African American students leaving the OSU campus through its west gate, February 25, 1969.

[Ed Note: We recently received a collection of photographs documenting an important moment in the history of Oregon State University – a walkout of African American students led by OSU’s Black Student Union in winter 1969. While this is largely an OSU story, Linus Pauling did play a role in the event, which we’ll explore this week and next.]

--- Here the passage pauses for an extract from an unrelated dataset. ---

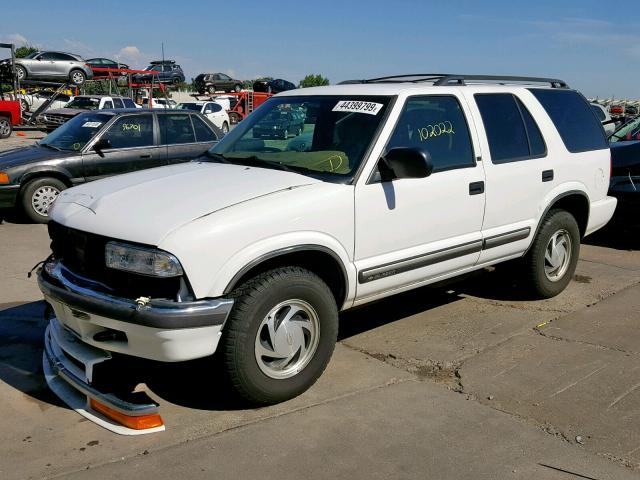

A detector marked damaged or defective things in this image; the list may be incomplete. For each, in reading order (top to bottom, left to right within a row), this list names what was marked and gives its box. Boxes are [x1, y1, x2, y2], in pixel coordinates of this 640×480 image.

The racial tensions that escalated throughout the 1960s and that made an imprint on universities all across the United States were evident on the campus of Oregon State University as well. In a description that accompanied a photo collection recently accessioned by the OSU Libraries Special Collections and Archives Research Center, photographer Gwil Evans, who was a Journalism professor at OSU at the time, provided some background on an event that served as a pivot point for race relations at Oregon State near the end of the 1960s.

In his notes, Evans explained that, on February 25, 1969, members of the OSU Black Student Union interrupted a convocation hosted by President James Jensen at OSU’s Gill Coliseum. The convocation, which was part of a series of events marking the university’s centenary, was to feature a speech by Linus Pauling, Oregon State’s most prominent alum.

The immediate cause of the interruption and subsequent protest was a demand issued by OSU’s football coach, Dee Andros, that one of his players, an African American student athlete named Fred Milton, shave his facial hair. This conflict arose in the context of a longer history of racial tensions on campus, as well as concurrent protests related to tuition hikes and the escalation of the Vietnam War.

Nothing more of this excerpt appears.